Patrick Franziska schaute nach seinem Matchball zur Hallendecke, als könne er diesen Erfolg selbst kaum glauben.
Auch ohne bekannte Namen wie Timo Boll, Dimitrij Ovtcharov und Petrissa Solja haben beide deutschen Nationalmannschaften in Rumänien jeweils die Mannschafts-Europameisterschaft im Tischtennis gewonnen. Rein statistisch betrachtet war das 3:1 gegen Russland bereits der neunte Final-Erfolg der Männer bei einer Team-EM. Die Frauen holten den Titel durch ihren 3:1-Sieg gegen die Topfavoritinnen aus Rumänien ebenfalls schon zum achten Mal. Doch noch nie in der Geschichte des Deutschen Tischtennis-Bundes gelang ein solcher Erfolg nahezu ohne die komplette Stammbesetzung.

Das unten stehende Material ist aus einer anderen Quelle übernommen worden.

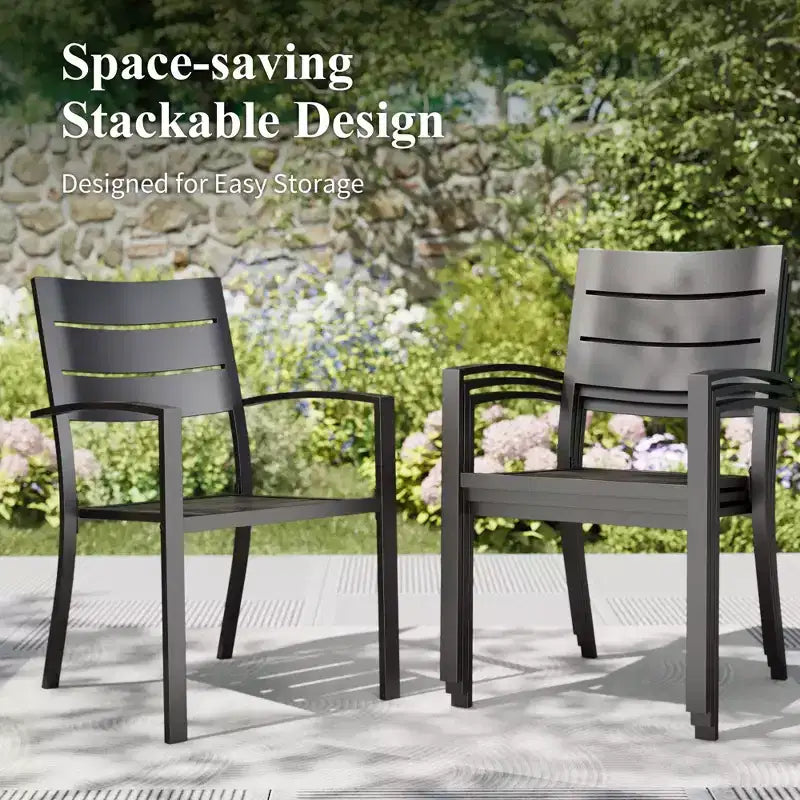 Captiva Designs Set 6 Pezzi Tavolo da Pranzo con Piano a Doghe in Acciaio & Sedie in Metallo con Schienale a Righe & Ombrellone da Giardino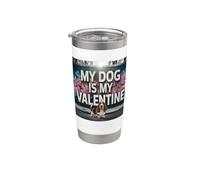Mon chien est ma Saint-Valentin Basset Hound Street Graffiti Gobelet isotherme en acier inoxydable double paroi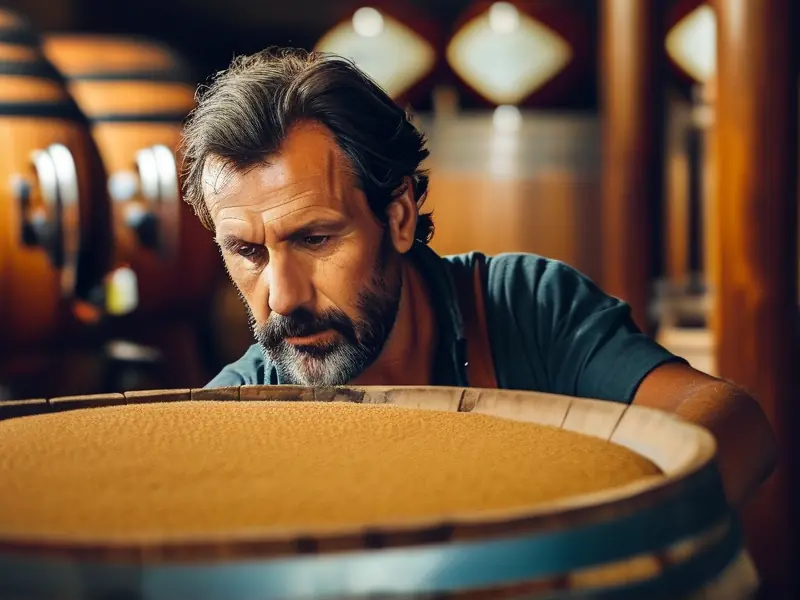 酿酒师检查酒醅发酵情况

«Das Wunder von Cluj», titelte der DTTB auf seiner Internetseite. Doch so groß die Freude bei den Deutschen war, so ernüchternd ist dieses Signal für die anderen europäischen Nationen. Zum ersten Mal seit 1996 wurde eine Team-EM ausgespielt, bei der wegen der vielen Termine in diesem Jahr weder der Rekord-Europameister Boll noch der Olympia-Dritte Ovtcharov dabei waren. Nutzen konnten diese Gelegenheit aber weder die favorisierten Schweden, noch der Halbfinal-Gegner Dänemark oder die jungen Russen. Im Gegenteil: Patrick Franziska (Saarbrücken) und Nina Mittelham (Berlin) führten ihre Teams zum zweiten großen Erfolg nach ihren persönlichen Erfolgen beim europäischen Top-16-Turnier zwei Wochen zuvor.
Franziska dreht Spiel
Beim Männer-Finale bewies der 29-jährige Franziska in mehreren kritischen Momenten Nervenstärke. Benedikt Duda (Bergneustadt) hatte das erste Spiel mit 2:3 gegen Maksim Grebnew vom Bundesliga-Club TSV Bad Königshofen verloren. Und auch Franziska lag bereits mit 1:2 gegen Lew Katsman (TTC Neu-Ulm) zurück. Die deutsche Nummer eins drehte das Match aber noch. Und machte den EM-Titel dann nach dem 3:1-Sieg von Dang Qiu (Düsseldorf) gegen Wladimir Sidorenko (TTC Neu-Ulm) in einem Fünf-Satz-Krimi gegen Grebnew perfekt. Durch diese EM, sagte Sportdirektor Richard Prause, «stellen wir das Gerüst unserer Nationalmannschaften auf ein noch viel solideres Fundament.»
Bei den Frauen entschied die Weltranglisten-33. Mittelham nach dem Halbfinale gegen Portugal auch das Finale gegen die Gastgeberinnen. Denn sie besiegte mit Bernadette Szocs und Elizabeta Samara gleich beide rumänischen Topspielerinnen mit 3:2. «Es einfach unglaublich, dass wir jetzt mit dieser Mannschaft Europameister sind», sagte Mittelham, die nach den Ausfällen von Petrissa Solja, Han Ying und Shan Xioana vom vierten auf den ersten Platz der Teamhierarchie aufgestiegen war. Sabine Winter (Schwabhausen) schlug Samara sogar deutlich (3:0). Das 2:3 von Chantal Mantz (Langstadt) gegen Daniela Dodean Monteiro fiel nicht ins Gewicht. Einen besseren Einstand hätte es für die neue Bundestrainerin Tamara Boros nicht geben können.